Im Rahmen einer ersten Testphase kann der Kunde "SCHUFA CheckNow" ankreuzen und erlaubt damit der Schufa, direkt auf das Bankkonto des Kunden zu schauen. Die Schufa ist also über alle Kontobewegungen auf diesem Konto informiert und kann sich daraus ein genaueres Urteil bilden, beispielsweise, dass der Kunde doch genügend regelmäßiges Einkommen oder anderweitiges Vermögen hat und somit ein Mobilfunkvertrag risikolos möglich wäre.
Die freiwillige Analyse der Kontoinformationen ist für Verbraucher kostenlos, betont die Schufa, und der Kunde muss ihr ganz explizit einen Auftrag dazu erteilen.
Im Zuge der Änderungen bei der zweiten EU-Zahlungsdiensterichtlinie (kurz PSD2) dürfen bestimmte von der BaFin-lizensierte Unternehmen, wie z.B. finAPI GmbH, eine Tochter der Schufa, sich die Konten auf Basis dieser expliziten Zustimmung anschauen, Dazu muss der Kunde sein Login für das Online-Banking verraten.
Die Schufa (in unserem Beispiel) analysiert die "bonitätsrelevanten Daten" und übermittelt anschließend ausschließlich das Ergebnis an das Unternehmen, beispielsweise den Mobilfunkanbieter. Der kann (aber muss nicht) dann neu drüber nachdenken, ob er den Kunden doch annehmen möchte.
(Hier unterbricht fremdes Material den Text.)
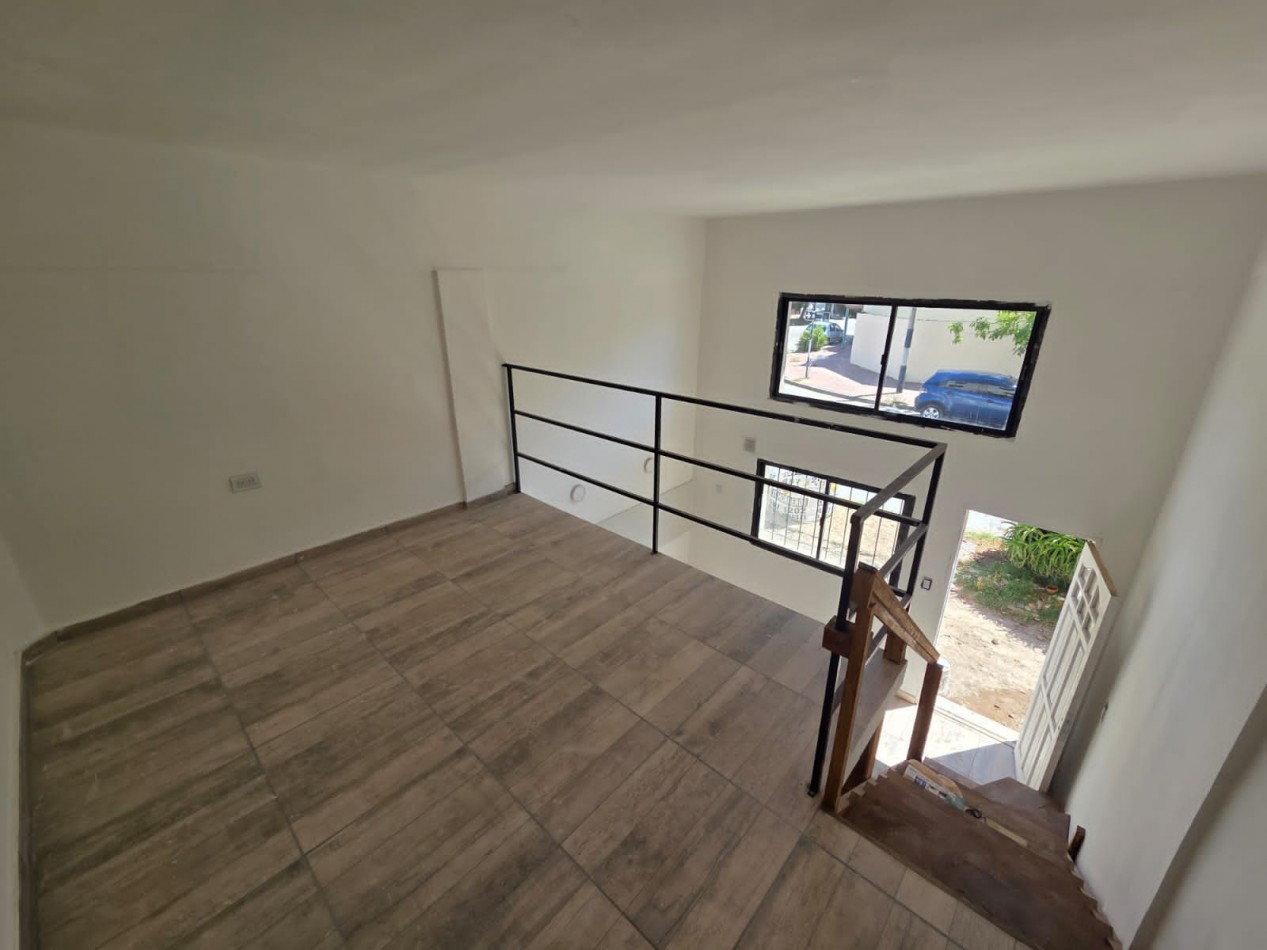 DUPLEX 2 AMBIENTES FRENTE CON PATIO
Die Kontendetails "sieht" nur die Firma finAPI, der Mobilfunkanbieter (also hier o2) erfährt davon nichts.
Im Augenblick ist das nur ein Test, aber später plant die Schufa das allen Unternehmen anzubieten, die so "wacklige Kunden" besser beurteilen können.
Und der Datenschutz?
Verbraucher- und Datenschützer sind in heller Aufregung.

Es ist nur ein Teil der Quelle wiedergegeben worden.